Assumindo que infelizmente há “ausência de descrições históricas” que comprovam os vínculos ancestrais diretos entre as práticas do engolo e da capoeira, a pesquisa de Assunção revela que essa insuficiência de comprovações é, por sua vez, fruto da falta de evidências a respeito da presença histórica dos nkhumbi no Brasil8, etnia do sudeste africano e cultura na qual a prática do engolo tinha papel central e estruturante. O engolo era dançado (e, em alguns casos, havia também incorporação) em situações como o efiko, ritual da puberdade feminina e de nubilidade. No efiko, as meninas iniciadas se encontravam com seus futuros maridos e ficavam noivas, funcionando, portanto, como um momento de exibição masculina. Os indícios do parentesco entre engolo e capoeira, no entanto, são diversos. Não há, por exemplo, registro sobre a participação de mulheres no engolo, para além de suas presenças no coro, exatamente como na capoeira do passado.
Interessa-me chamar atenção aqui para o fato de as letras e versos das cantigas, parte do engolo da qual a mulher estava autorizada a participar (para além da cerveja – macau – que faziam), serem hoje a fonte histórica mais viva através da qual ainda será possível seguir investigando tanto a centralidade da dança do engolo na cultura nhkumbi quanto outros laços entre ele e a capoeira, suprimindo assim, quem sabe, a insuficiência de descrições que os comprovem.
Algumas mulheres brasileiras não se contentaram, no entanto, em cantar os versos — por mais que essa prática cumpra hoje a função de vestígio histórico imprescindível. Elas, dando um nó em pingo d’água (como o rio de João Cabral, que não sabe de quase nada, mas sabe de tudo) burlaram a impossibilidade de participar dentro da roda em um movimento que, paradoxalmente, acabou por desatar aquilo que desde sempre as havia impedido de jogar.
III. Ana Elisa dedica à sua mãe, muito devota de Nossa Senhora Aparecida, algumas das decisões pictóricas assumidas na série Nó dado. Proclamada, por sua vez, Rainha e Padroeira do Brasil em 16 de julho de 1930 (data que curiosamente completará exatos 93 anos, dias depois da inauguração de “Nó em pingo d’água), Nossa Senhora Aparecida – “vestida de Sol” –, tem como emblema o dourado de sua coroa e dos ornamentos de seu manto, fato que levou a artista a optar, dentre as possibilidades de cores do chitão, tecido comumente encontrado em manifestações tradicionais brasileiras frequentadas por Elisa, pelo amarelo, homenageando assim a fé de sua família.

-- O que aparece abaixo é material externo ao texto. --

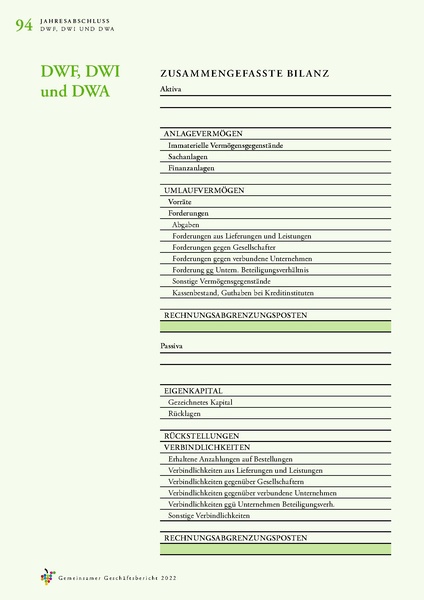 Datei:Geschaeftsbericht DWI, DWF, DWA 2022.pdf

Por outro lado, é preciso termos em mente que Ana Elisa é uma artista pesquisadora, ciente da história da criminalização da capoeira9, incluída no Código Penal de 1890 como uma manobra de manutenção da escravatura que teoricamente havia sido abolida menos de dois anos antes: enquadrar os “capoeiras”, então sinônimo de vadios e “potencialmente perigosos”, permitia que se “remetesse cada vez mais indivíduos para trabalhos forçados”10.
Adotar o amarelo e o dourado em meio a pesquisa em curso que a artista empreende não nos parece, portanto, se encerrar no gesto de ecoar a fé familiar pois também se desdobra em algo próximo talvez daquilo que foi chamado pelo artista Maxwell Alexandre de “vaidade preta” enquanto um modo de se apropriar de símbolos – no caso de Maxwell, os cabelo loiros, e no caso de Elisa, o amarelo e o dourado – se posicionando assim contra as hierarquias despóticas que arbitrária e violentamente estabeleceram que tais símbolos seriam acessíveis apenas a alguns.
1 Professora Adjunta do Inst. de Artes da UFRGS; Curadora e crítica independente; Pós-doutora pela USP; Doutora em Artes pela EBA UFMG e período Sanduíche na Université Paris 1 Panthéon-Sorbonne; Membro da Associação Brasileira de Críticos de Arte - ABCA; Tradutora de textos como Inobedientia, de Emanuele Coccia, e MARINO MARINI: do arcaísmo ao fim da forma (Pinacoteca de São Paulo e Fund. Iberê Camargo).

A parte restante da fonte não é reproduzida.